• THE PROBLEM: Below are records; transcribe only the line with "New 2025 Ford" and those after it, through the last line, without any change.

◆ ◆ ◆ ◆ ◆ ◆ ◆

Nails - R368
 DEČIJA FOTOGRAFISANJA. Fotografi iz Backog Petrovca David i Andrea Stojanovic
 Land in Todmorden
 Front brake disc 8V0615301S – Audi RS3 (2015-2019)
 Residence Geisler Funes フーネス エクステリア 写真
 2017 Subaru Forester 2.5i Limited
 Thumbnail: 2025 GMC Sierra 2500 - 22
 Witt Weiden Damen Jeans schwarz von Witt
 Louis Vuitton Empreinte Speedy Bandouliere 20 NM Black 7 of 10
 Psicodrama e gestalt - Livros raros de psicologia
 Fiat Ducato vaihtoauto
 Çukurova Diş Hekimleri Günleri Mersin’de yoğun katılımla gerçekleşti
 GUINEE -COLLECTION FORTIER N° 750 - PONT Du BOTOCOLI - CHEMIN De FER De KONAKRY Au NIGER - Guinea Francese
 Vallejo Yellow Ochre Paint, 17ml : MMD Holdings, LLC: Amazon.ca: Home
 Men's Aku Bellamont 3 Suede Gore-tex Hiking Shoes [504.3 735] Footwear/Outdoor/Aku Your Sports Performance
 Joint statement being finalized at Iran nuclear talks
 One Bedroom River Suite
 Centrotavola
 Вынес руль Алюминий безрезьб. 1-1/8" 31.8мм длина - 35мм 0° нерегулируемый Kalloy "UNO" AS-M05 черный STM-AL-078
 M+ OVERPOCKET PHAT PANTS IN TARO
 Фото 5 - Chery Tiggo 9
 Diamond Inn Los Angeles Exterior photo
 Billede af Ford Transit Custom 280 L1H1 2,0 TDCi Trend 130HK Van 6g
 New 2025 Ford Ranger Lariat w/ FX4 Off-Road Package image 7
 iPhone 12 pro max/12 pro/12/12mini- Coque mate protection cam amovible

◆ ◆ ◆ ◆ ◆ ◆ ◆

• ANSWER BOX:
 New 2025 Ford Ranger Lariat w/ FX4 Off-Road Package image 7
 iPhone 12 pro max/12 pro/12/12mini- Coque mate protection cam amovible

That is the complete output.